WORK REQUIRED
Your reply is to be the lines below, exactly as written, with images omitted.

DATA SEGMENT
>>>>>
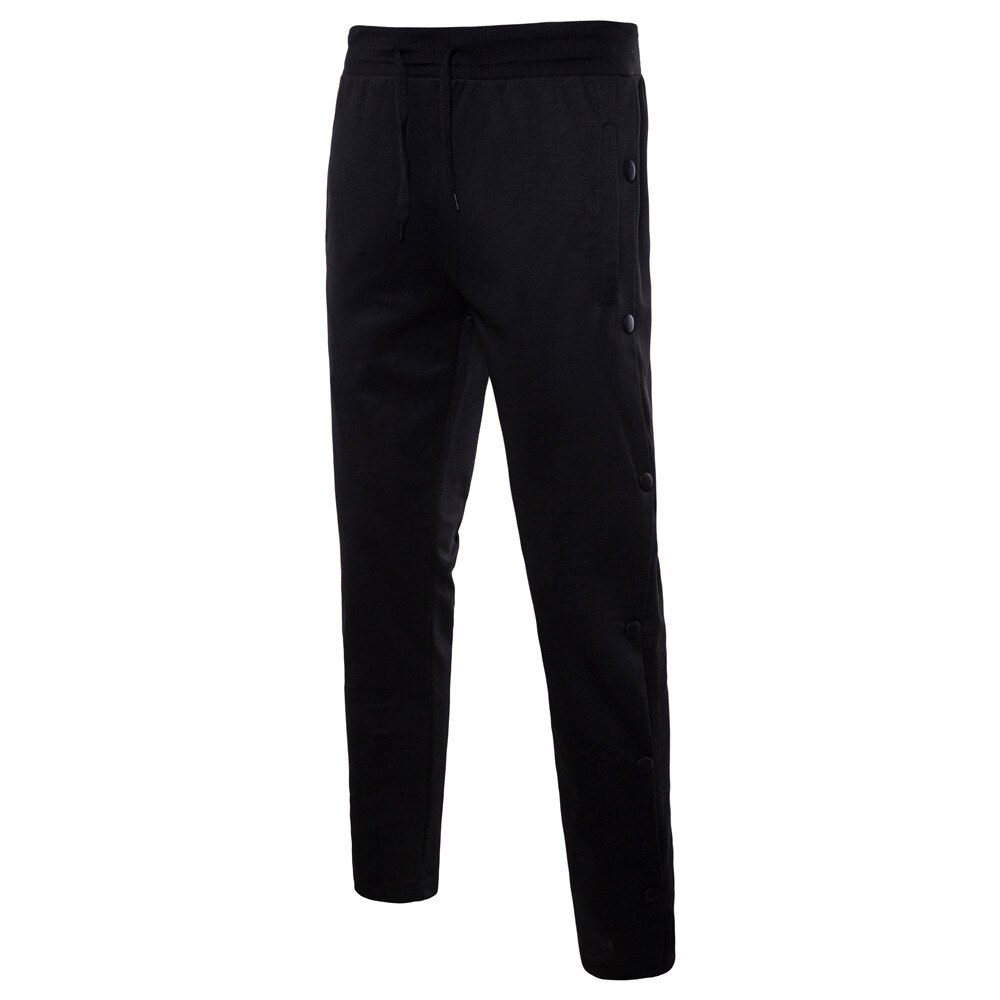 Pantalones deportivos swagwhath para hombre, pantalones casuales rectos pequeños y abiertos por el lateral con botón en el lateral, pantalones para hombre, ropa deportiva de chándal de Hip Hop: S / Black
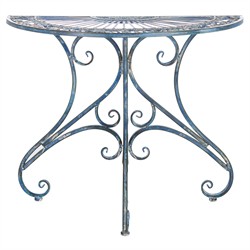 Alessia French Country Antique Blue Iron Demilune Outdoor Console Table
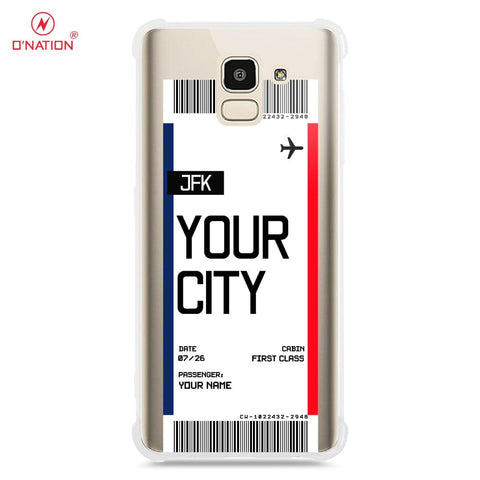 Samsung Galaxy J6 2018 Cover - Personalised Boarding Pass Ticket Series - 5 Designs - Clear Phone Case - Soft Silicon Borders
<<<<<
WORKED SOLUTION
 Pantalones deportivos swagwhath para hombre, pantalones casuales rectos pequeños y abiertos por el lateral con botón en el lateral, pantalones para hombre, ropa deportiva de chándal de Hip Hop: S / Black
 Alessia French Country Antique Blue Iron Demilune Outdoor Console Table
 Samsung Galaxy J6 2018 Cover - Personalised Boarding Pass Ticket Series - 5 Designs - Clear Phone Case - Soft Silicon Borders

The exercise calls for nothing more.